What the exercise asks
The line containing "Disadvantages of quarreling" marks the start; extract exactly from it through the last line of the entries, and omit any pictures.

Data listing
=== Section Start ===
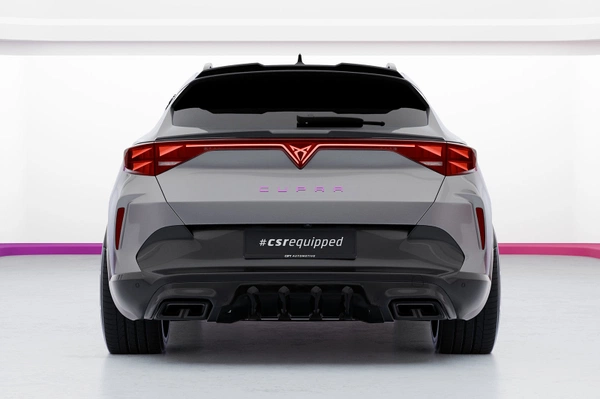 Achterspoiler ABE Cupra formentor - Glans Zwart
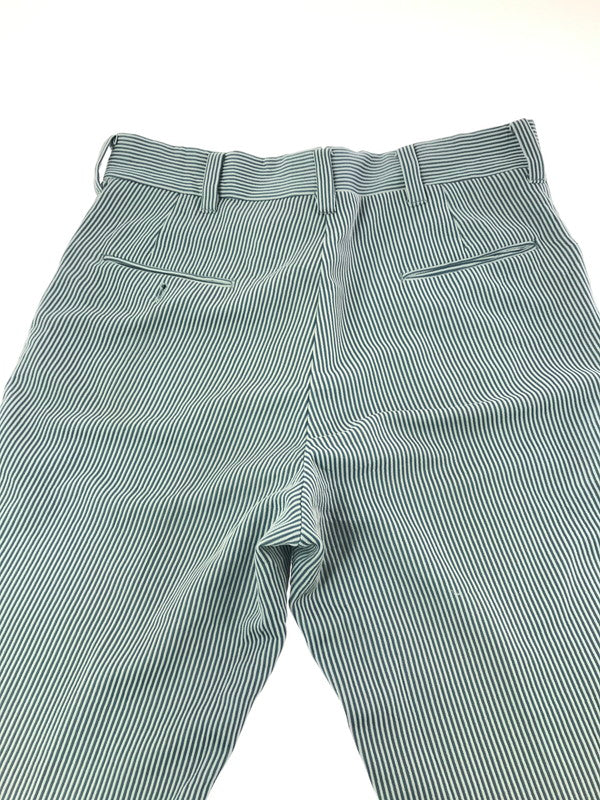 【中古品】【メンズ】 MCGREGOR マックレガー 70'S STRIPE SLACKS 70年代 ストライプ スラックス パンツ 157-261009-ty-03-tagh サイズ：不明 カラー：ブルー 万代Net店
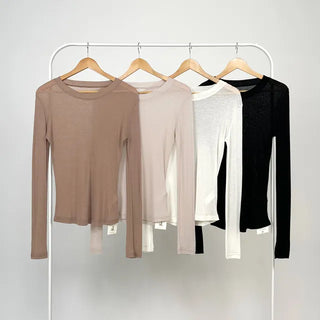 Miv Layered Long Sleeve Tee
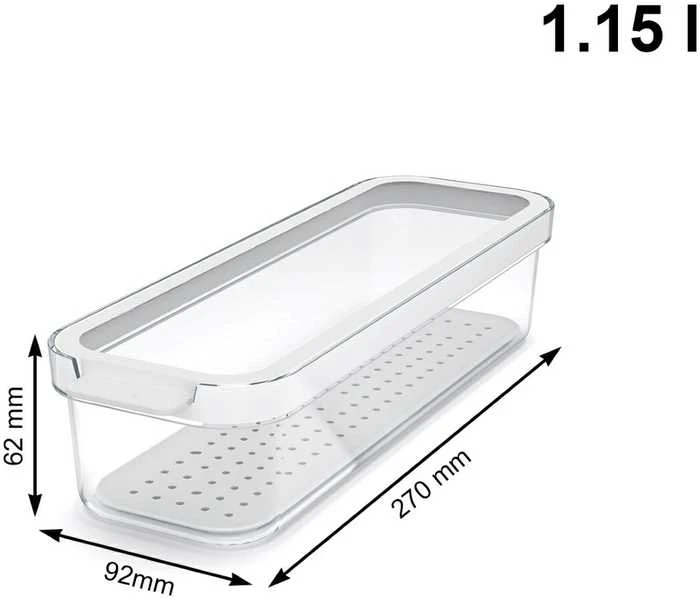Rotho Cauma 1,15 l butelis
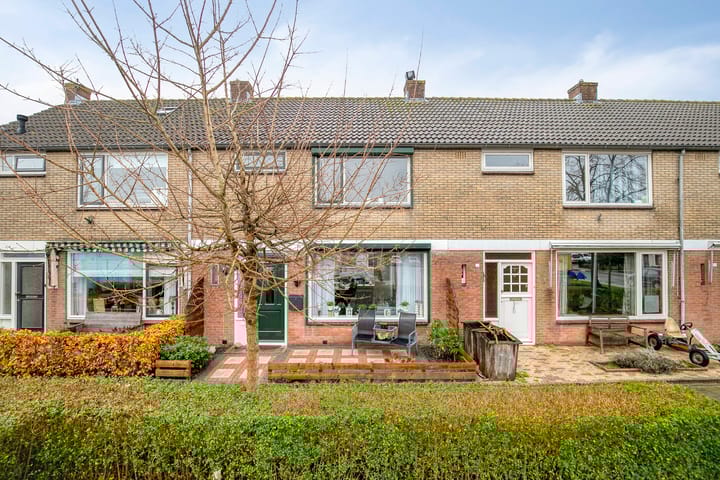 Coorndijkstraat 5 in Goudswaard Foto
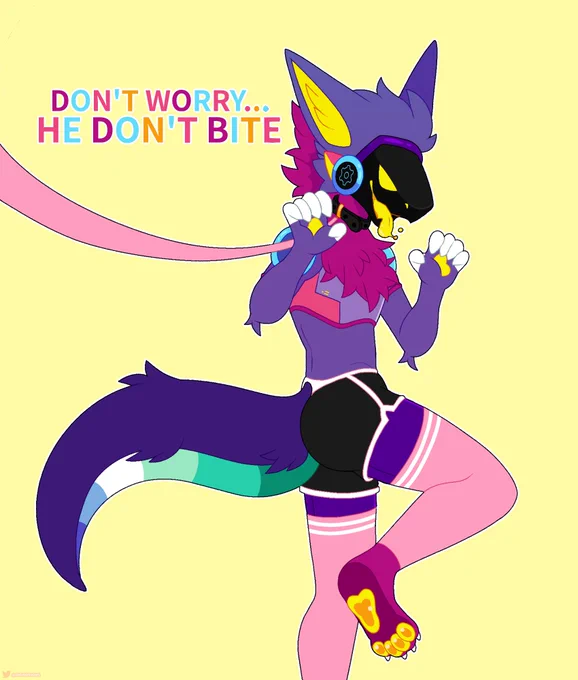 Commission for @DogzTheFemboy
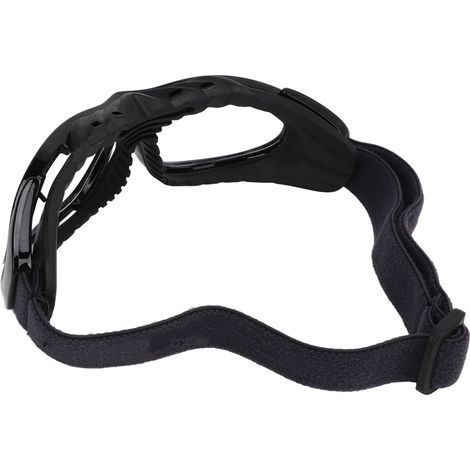 Sportbrille, hochauflösende Schutzbrille für Basketball und Fußball, Radfahren, Laufen, Wandern, schwarz. (1/5)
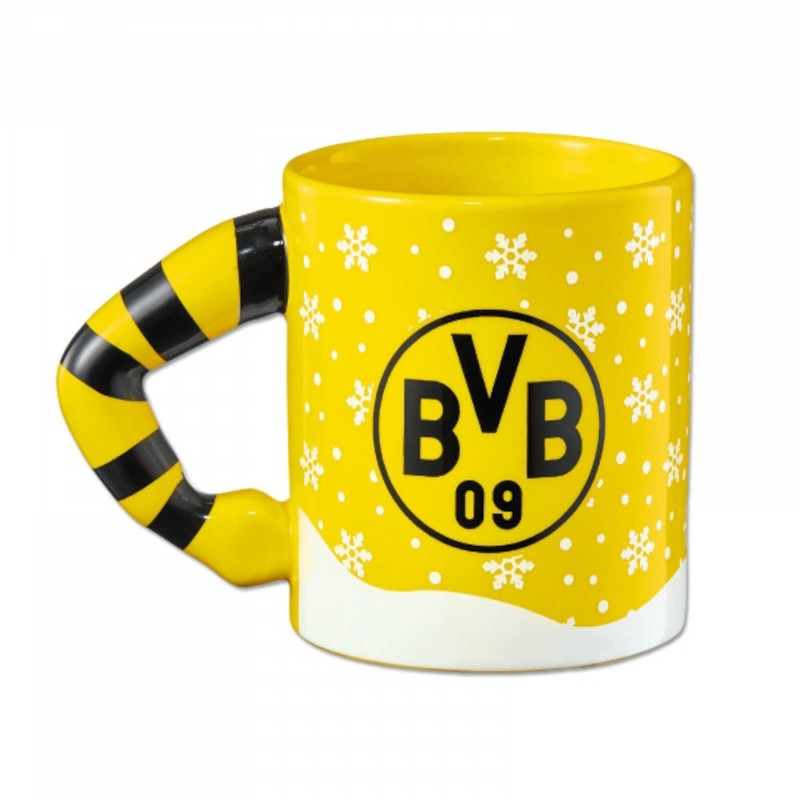 Borussia Dortmund Weihnachtstasse Xmas-Sweater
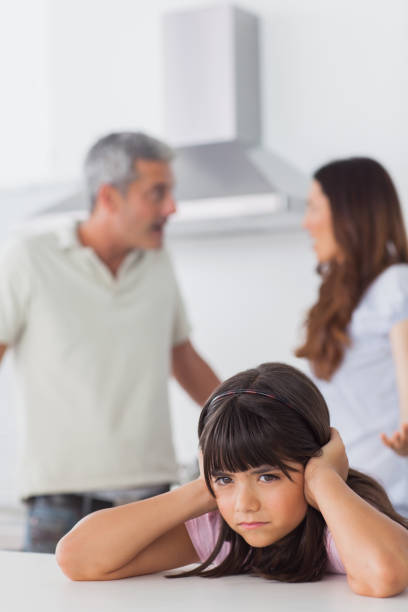 Disadvantages of quarreling in front of children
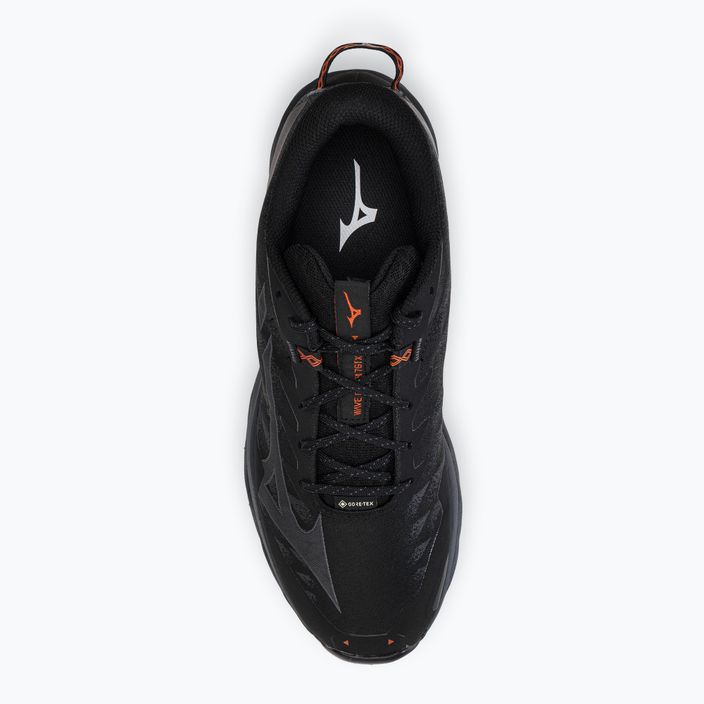 Pantofi de alergare pentru bărbați Mizuno Wave Daichi 7 GTX negru J1GJJ225638 6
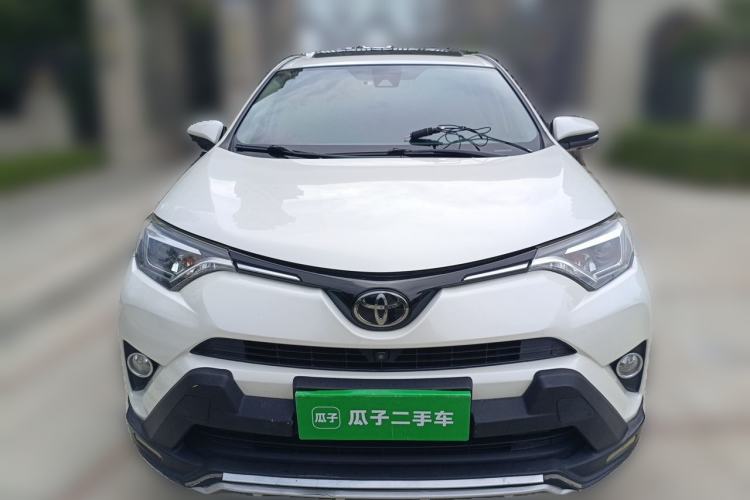 Used Toyota RAV4 2018 2.5L Automatic 4x4 Elite i Edition Front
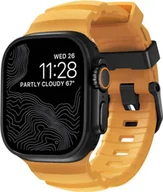 Akcesoria do smartwatchy - Nomad Pasek Rocky Point Band do Apple Watch 49/46/45/44 mm, żółty - miniaturka - grafika 1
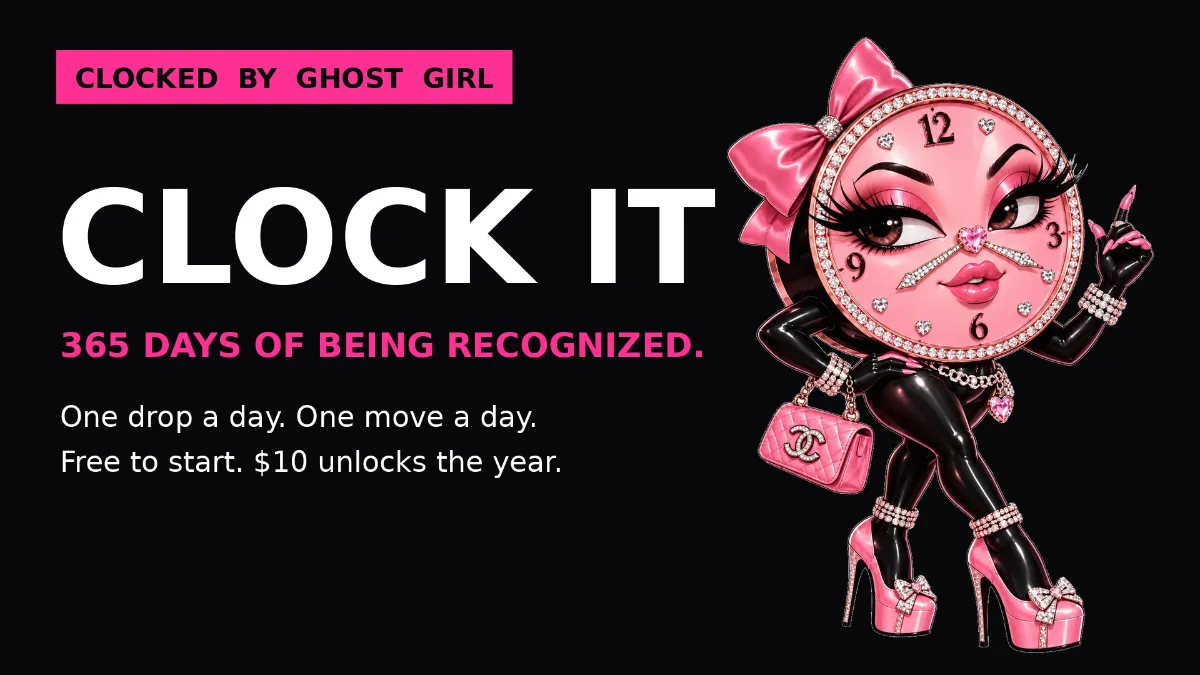 CLOCK IT - The 365-Day Journey Unlock cover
=== Section End ===
Reply to the exercise
 Disadvantages of quarreling in front of children
 Pantofi de alergare pentru bărbați Mizuno Wave Daichi 7 GTX negru J1GJJ225638 6
 Used Toyota RAV4 2018 2.5L Automatic 4x4 Elite i Edition Front
 Akcesoria do smartwatchy - Nomad Pasek Rocky Point Band do Apple Watch 49/46/45/44 mm, żółty - miniaturka - grafika 1
 CLOCK IT - The 365-Day Journey Unlock cover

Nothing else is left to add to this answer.